Problem 4

Exercise 5.4 (Absolutely continuous measures)   Let $(X,\Sigma,\mu)$ be a finite measure space and suppose $f,g>0$. Define the measures

$\displaystyle \nu(E) = \int_E fd\mu \quad \eta(E) = \int_E gd\mu$ (5.14)

Is $\nu \ll \eta$? Is $\eta \ll \nu$?

Proof. Compute $R=\operatorname{ess}\sup g(x)/f(x)$. This is finite because $X$ is a finite measure space and $f$ and $g$ are strictly positive.

If $\nu(E)=0$, we can show $\eta(E)=0$. By the definition of the Lebesgue integral, select

$\displaystyle f \leq \sum_{k=1}^n c_k\mathbf{1}_{E_k}$ (5.15)

satisfying

$\displaystyle \int_E f \leq \int \sum_{k=1}^n c_k\mathbf{1}_{E_k} < \epsilon/R$ (5.16)

By the selection of $R$, it can be readily seen that

$\displaystyle \frac{g(x)}{f(x)} \leq R \implies g(x) \leq Rf(x)$ (5.17)

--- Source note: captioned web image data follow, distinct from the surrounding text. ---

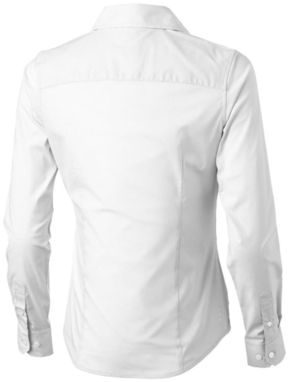 Женская рубашка с длинными рукавами Hamilton, цвет белый  размер M - 38165012- Фото №5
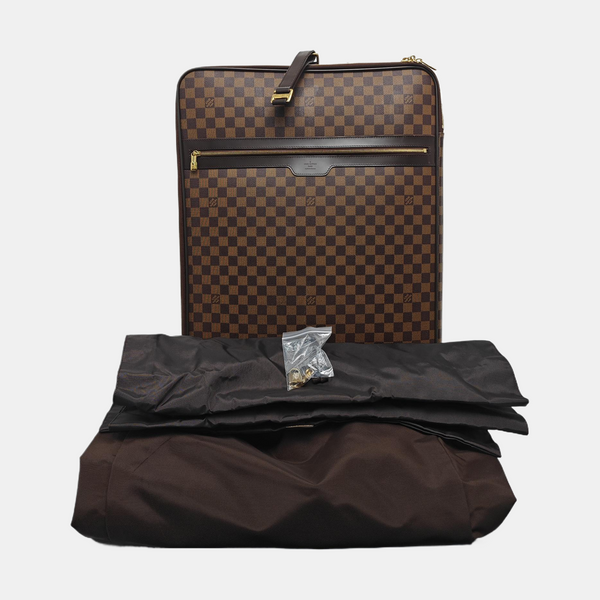 PEGASE Damier Ebene Coated Canvas Brown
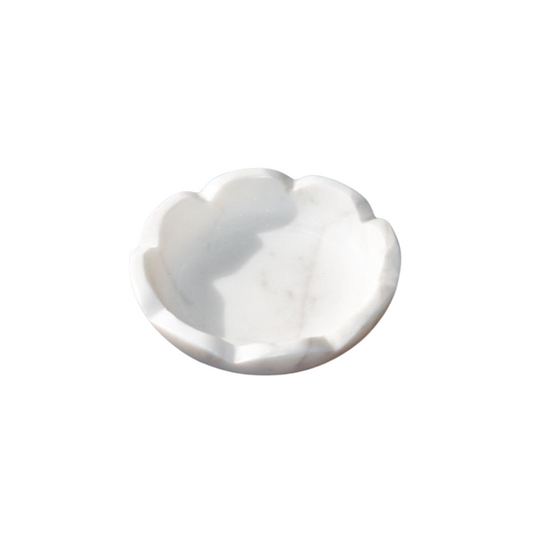Marble Petal Bowl | By Luxe B Co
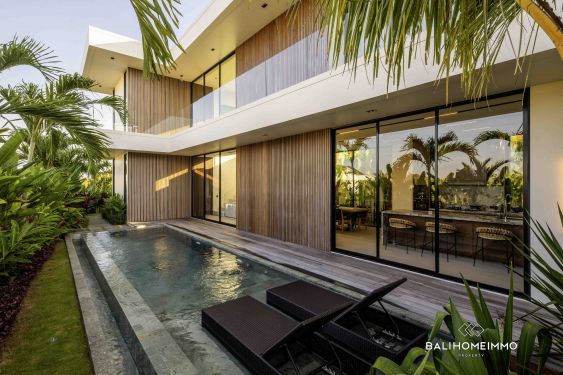 Image 1 from Contemporary 3 Bedroom Villa with view in Padonan Canggu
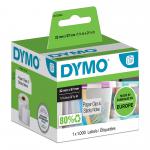 Dymo LabelWriter Multipurpose Label 57x32mm 1000 Labels Per Roll White - S0722540 55819NR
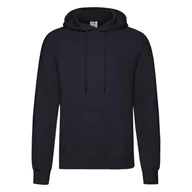 Bluzy sportowe męskie - Męska Klasyczna Bluza Z Kapturem - miniaturka - grafika 1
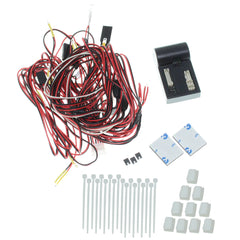 Redcat LED Light Kit For 1/10 Hauler (1pc) (RER23173) Redcat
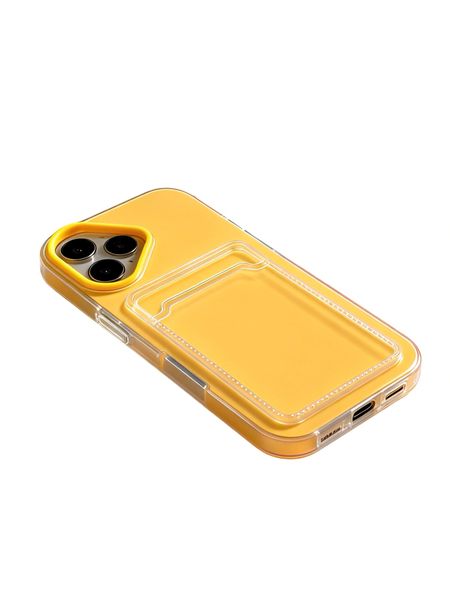 Phone case with Card Slot, Compatible with Iphone 17, 17 Pro, 17 Promax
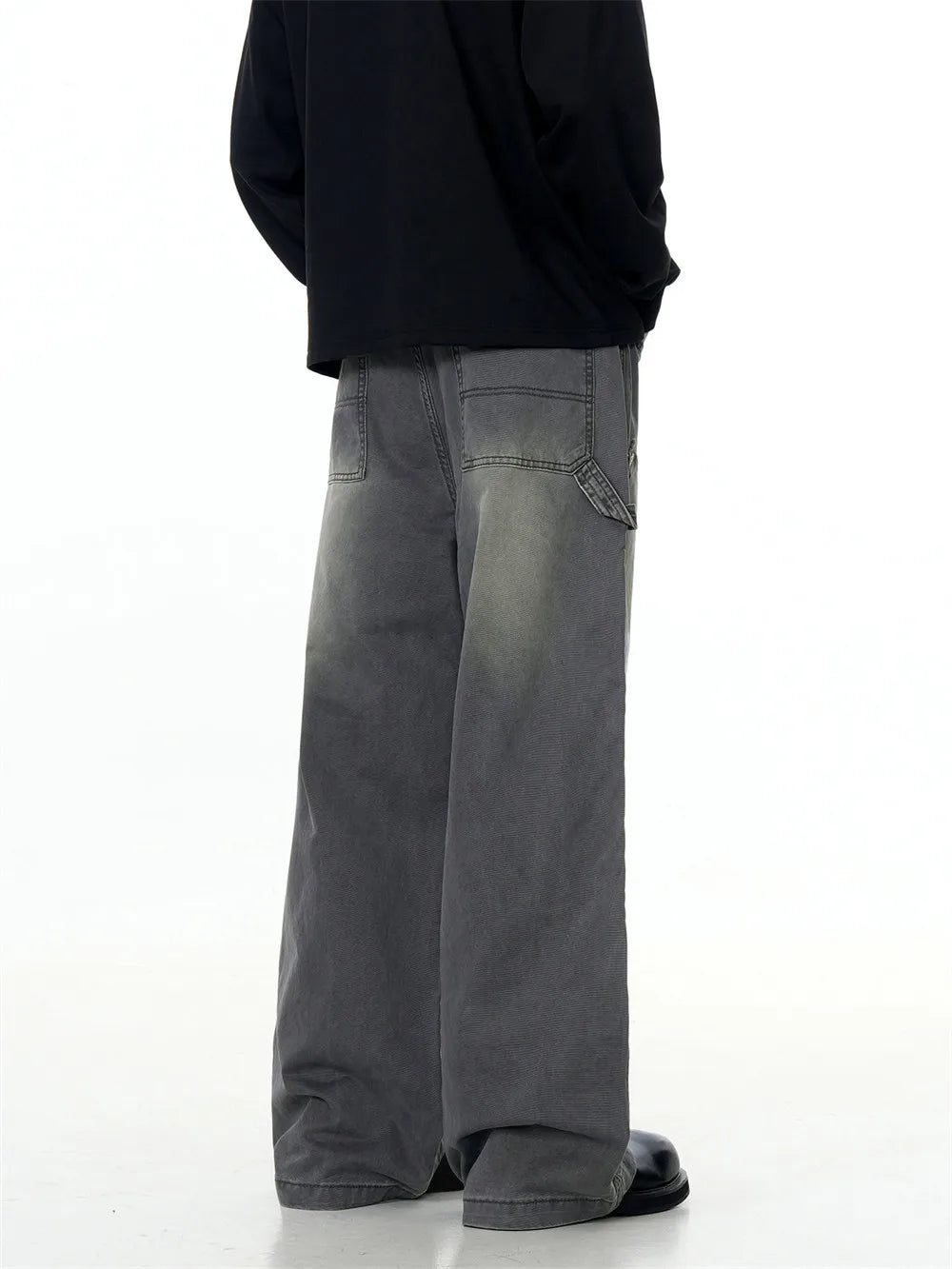 Rust Wash Loose Fit Carpenter Jeans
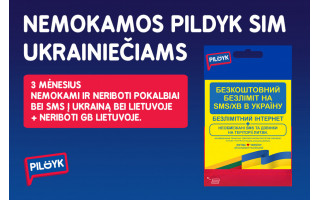 „Tele2“ užtikrina nemokamas ryšio paslaugas ukrainiečiams: išdalinta jau virš 24 tūkst. SIM kortelių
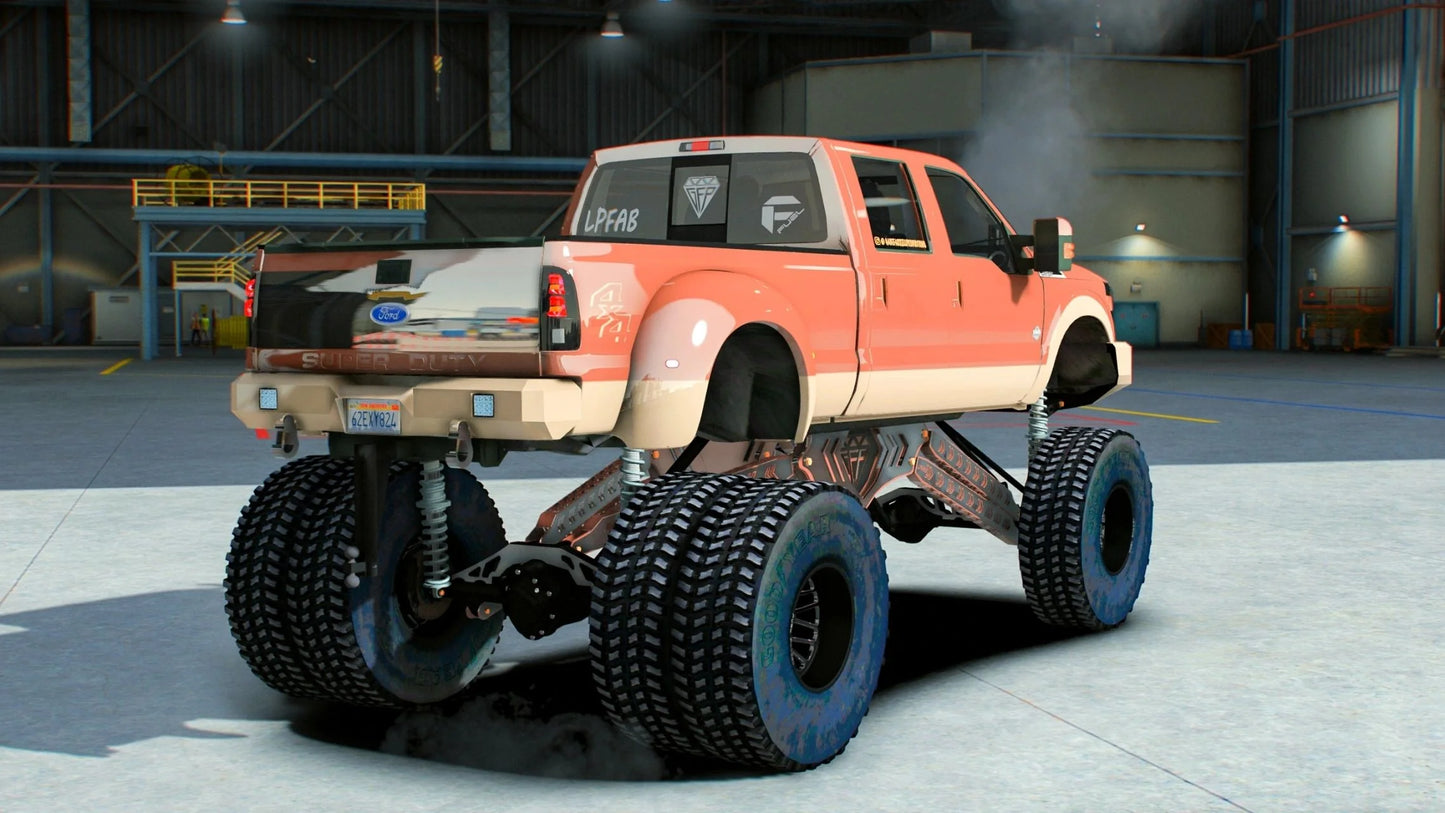 Ford F350 Lifted | Gaby Farrell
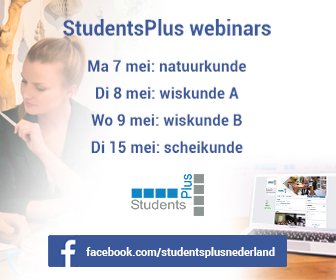 De webinars komen eraan! Alle webinars zullen rond 19:00u starten. Eerst is de webinar op havo-niveau, daarop volgend is de webinar op vwo-niveau. Iets voor uw kind? Bekijk hieronder wanneer welk webinar wordt gegeven.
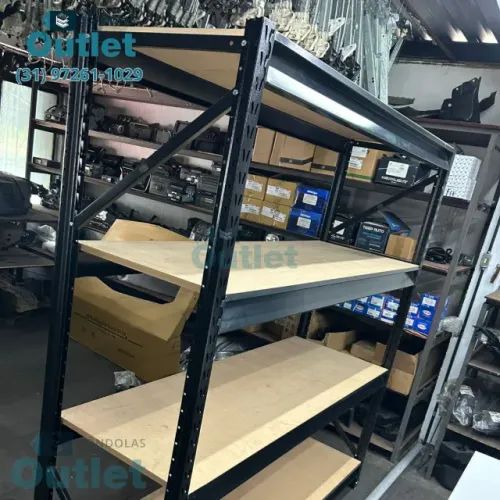 Mini porta pallet para roupas e acessórios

Apply the monotonicity of the integral to find

$\displaystyle \int_E g \leq R\int_E f < R\epsilon/R = \epsilon$ (5.18)

Since $\epsilon>0$ is arbitrary, this implies $\eta(E)=0$, so that $\eta \ll \nu$. A similar argument can be made with $R' = 1/R$ to show that $\nu \ll \eta$. $\qedsymbol$